In Scenario 1 with three obstacles, AI-SMA exhibits enhanced robustness, as evidenced by achieving optimal standard deviation and second-highest average fitness value among the evaluated algorithms in Table 7. Figure 9a confirms its competitive convergence performance, ranking second among the five algorithms. Trajectory results in Figure 11a and Figure A2a,b reveal that CO-SMA, SMA, and ESMA generate nearly identical flight trajectories for all UAVs, leading to UAV collisions at each waypoint due to insufficient safety distance. Additionally, two significant breaks in these curves indicate that all UAVs will experience severe collisions with obstacles. While SMA-AGDE avoids inter-UAV collisions, as shown in Figure A2c, it fails to prevent critical collisions with two obstacles. In contrast, AI-SMA generates collision-free trajectories for all UAVs except for a minor collision between UAV3 and one obstacle, as shown in Figure 10a. Therefore, AI-SMA is recognized as the best-performing algorithm in Scenario 1.

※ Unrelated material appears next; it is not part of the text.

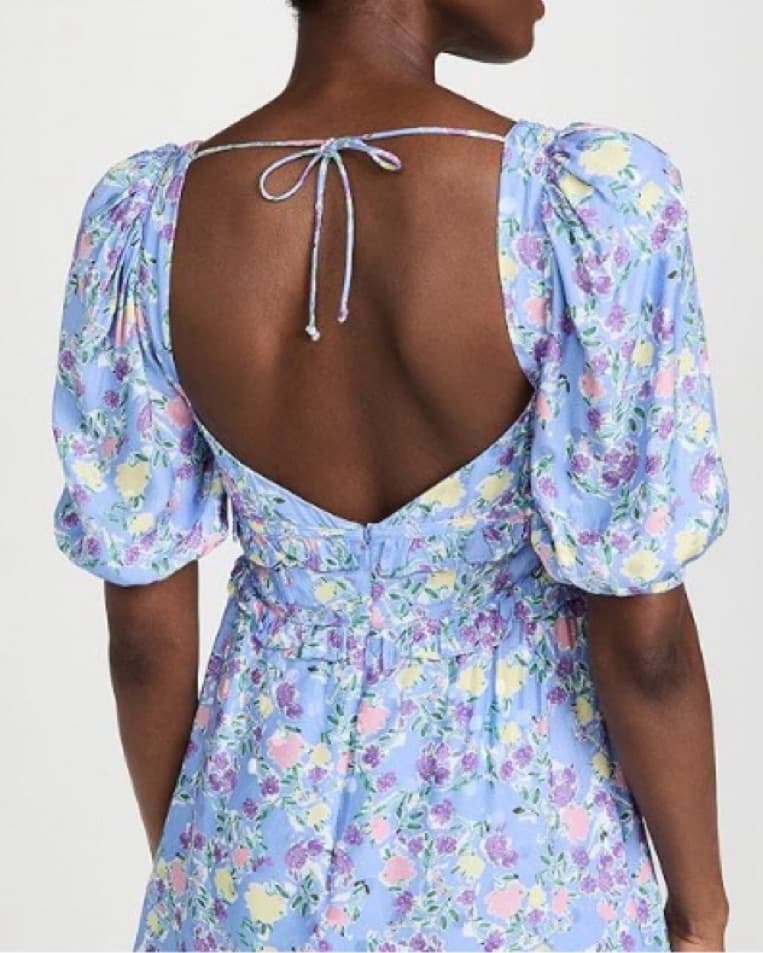 Puff Sleeve Mini Dress  - Image 2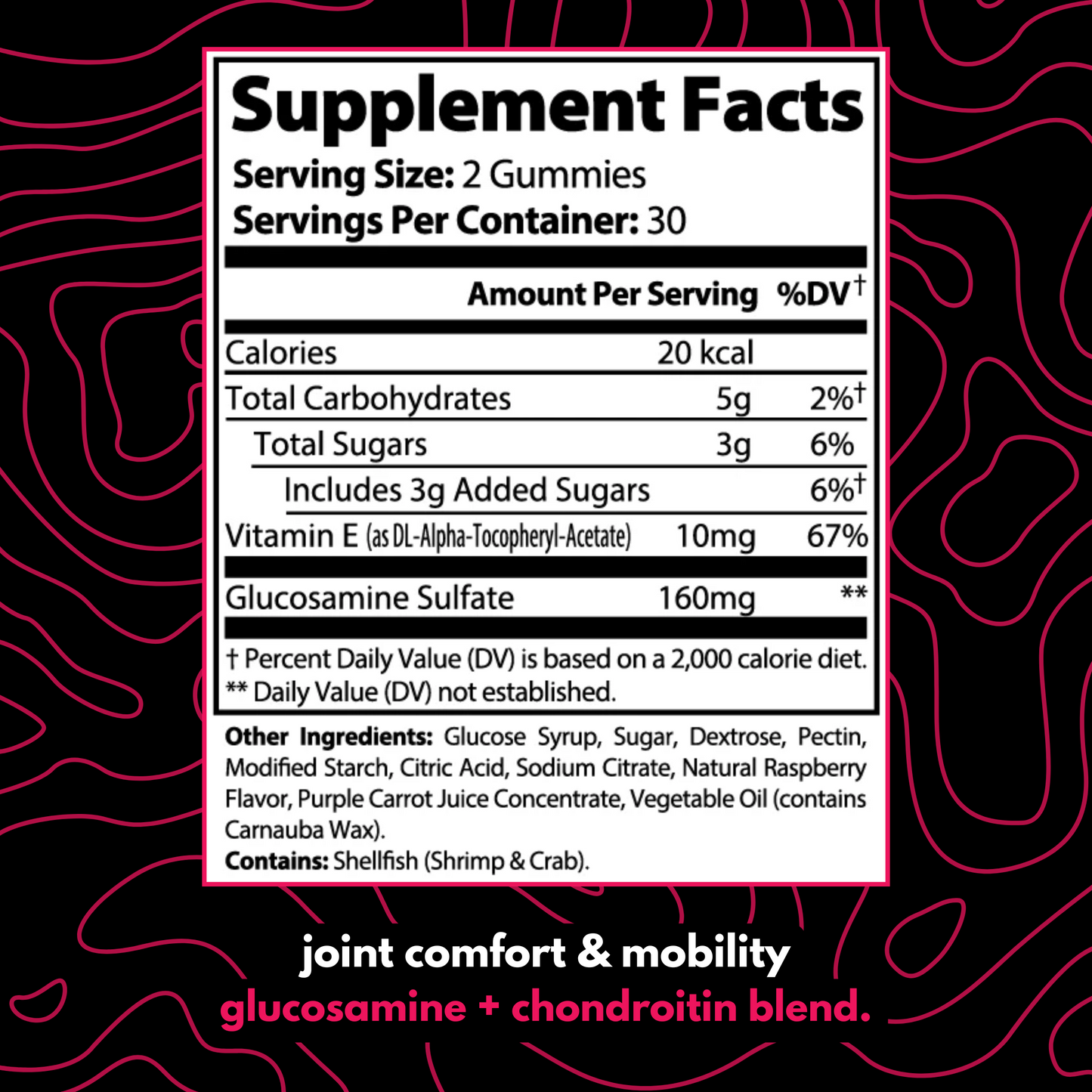joint support wild raspberry gummies.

Compared to Scenario 1, Scenario 2 presents more obstacles and greater challenges. The results shown in Table 7 and Figure 9b indicate that AI-SMA performs best in this scenario. Specifically, AI-SMA achieves the best average fitness and standard deviation, along with superior convergence effectiveness. AI-SMA also successfully generates collision-free flight trajectories for all UAVs, as shown in Figure 10b. Conversely, UAV flight trajectories generated by the other four algorithms, as illustrated in Figure 11b and Figure A3a–c, are not feasible and will collide with obstacles. Consequently, the performance of AI-SMA in Scenario 2 is optimal as well.

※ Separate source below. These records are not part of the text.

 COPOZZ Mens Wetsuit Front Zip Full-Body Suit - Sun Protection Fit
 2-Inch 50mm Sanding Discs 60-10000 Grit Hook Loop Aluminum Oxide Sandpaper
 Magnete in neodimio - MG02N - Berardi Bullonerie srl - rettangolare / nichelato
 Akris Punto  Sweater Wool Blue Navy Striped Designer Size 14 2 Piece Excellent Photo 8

Scenario 3 is the most complex, featuring the highest number and density of obstacles. As shown in Table 7 and Figure 9c, AI-SMA achieves the best standard deviation and second place in average fitness and convergence behavior, indicating that the algorithm remains robust even in the most complex scenarios. Furthermore, Figure 11c and Figure A4a–c demonstrate that the UAV flight trajectories generated by CO-SMA, SMA, ESMA, and SMA-AGDE are invalid, with an increase in collision points as scene complexity rises. Only AI-SMA, depicted in Figure 10c, produces complete, flyable, and collision-free flight trajectories, showcasing the excellent performance of the algorithm in Scenario 3.

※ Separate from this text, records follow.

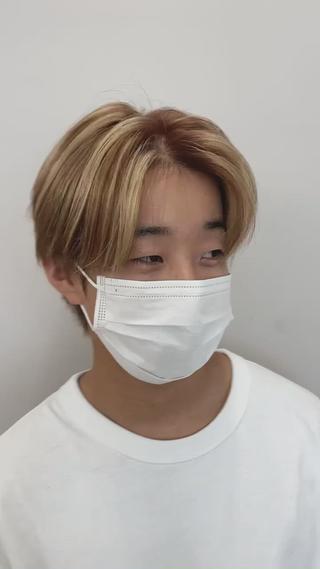 ミディアム カラー メンズ 関 京磨のヘアスタイル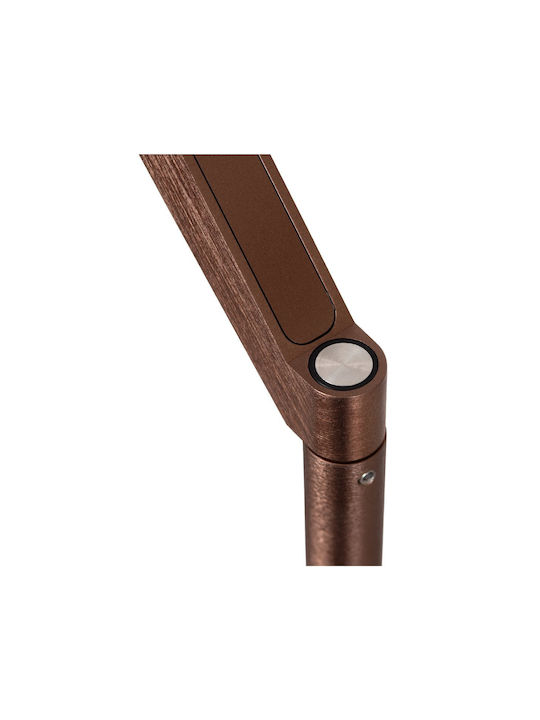 Lucide Lightning Applause Lampa de podea LED cu Lumină Alb Reglabil Maro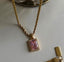 Milani Square Pendant- Pink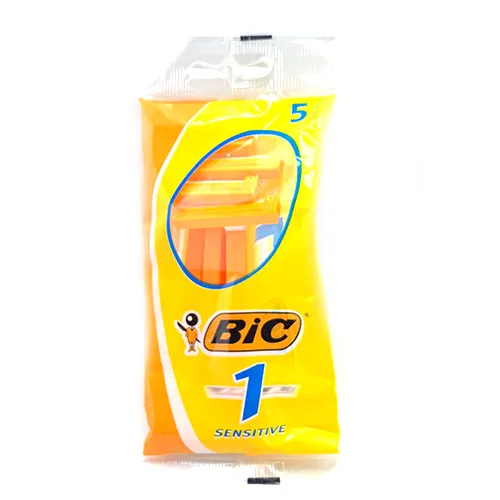 BIC DISPOSABLE RAZOR SENSITIVE 1 BLADE PROMO 5+1 FREE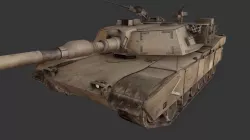M1 Abrams Low-poly  3D model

Overall, the experimental results for multi-UAV path planning demonstrate that the proposed AI-SMA exhibits superior convergence properties, consistently ranking among the top two algorithms for both convergence speed and overall performance in all tested scenarios. Regarding robustness, AI-SMA achieves the best average fitness and standard deviation across varying densities of obstacles and terrains while generating flyable trajectories. Notably, AI-SMA is the only algorithm capable of producing collision-free trajectories for all UAVs in every scenario, while other algorithms often fail to generate feasible paths, leading to collisions with obstacles or other UAVs. Therefore, AI-SMA outperforms competing algorithms in terms of convergence effectiveness, robustness, and collision avoidance.

These advantages make AI-SMA particularly well-suited for real-world multi-UAV applications, such as search and rescue missions in mountainous terrains or firefight operations in densely populated urban environments, where reliable obstacle avoidance and robust performance are critical.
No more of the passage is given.